**Action item:** Everything in the listing should be copied exactly, save for the pictures.

**Dataset section:**

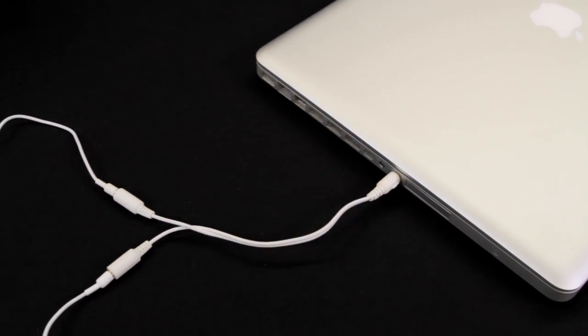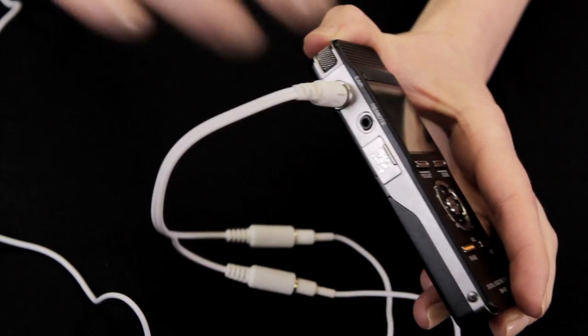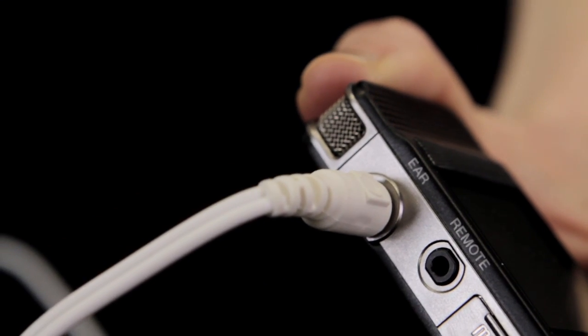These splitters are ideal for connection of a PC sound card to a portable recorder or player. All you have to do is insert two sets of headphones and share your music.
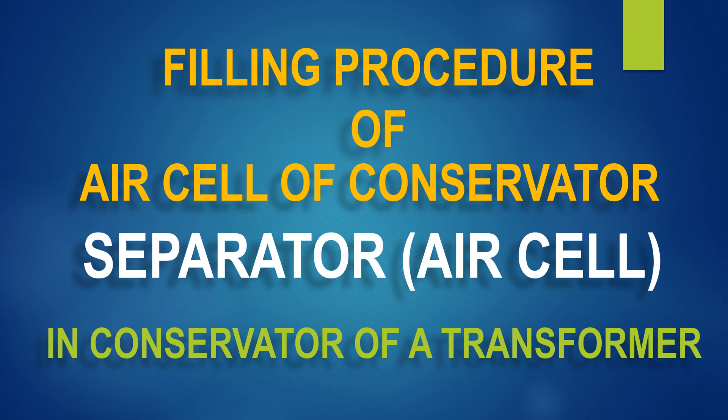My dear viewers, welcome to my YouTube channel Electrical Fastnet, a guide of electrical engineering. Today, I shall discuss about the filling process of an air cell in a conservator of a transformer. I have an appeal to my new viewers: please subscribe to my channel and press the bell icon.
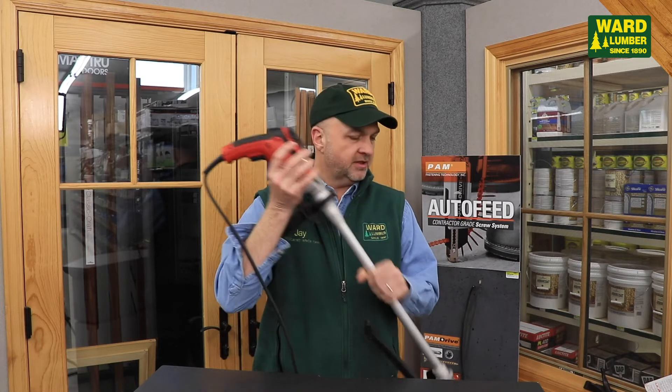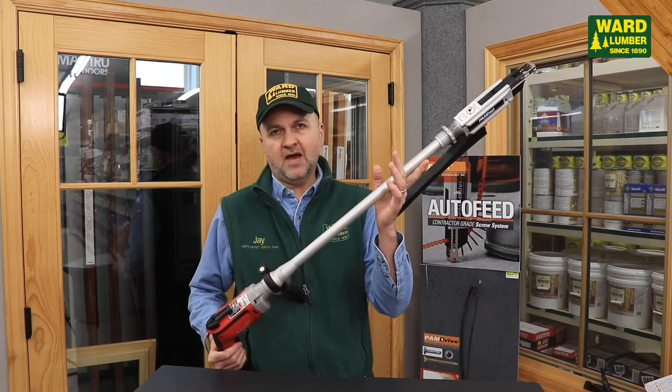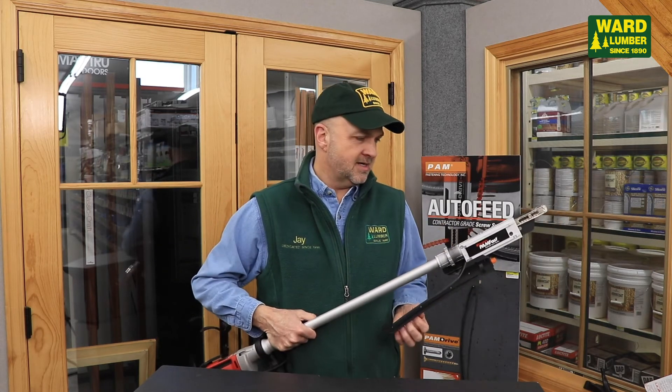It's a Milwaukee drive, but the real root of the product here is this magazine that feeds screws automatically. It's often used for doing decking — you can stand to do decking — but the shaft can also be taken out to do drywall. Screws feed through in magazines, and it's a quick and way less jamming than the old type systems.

**Answer section:**
These splitters are ideal for connection of a PC sound card to a portable recorder or player. All you have to do is insert two sets of headphones and share your music.
My dear viewers, welcome to my YouTube channel Electrical Fastnet, a guide of electrical engineering. Today, I shall discuss about the filling process of an air cell in a conservator of a transformer. I have an appeal to my new viewers: please subscribe to my channel and press the bell icon.
It's a Milwaukee drive, but the real root of the product here is this magazine that feeds screws automatically. It's often used for doing decking — you can stand to do decking — but the shaft can also be taken out to do drywall. Screws feed through in magazines, and it's a quick and way less jamming than the old type systems.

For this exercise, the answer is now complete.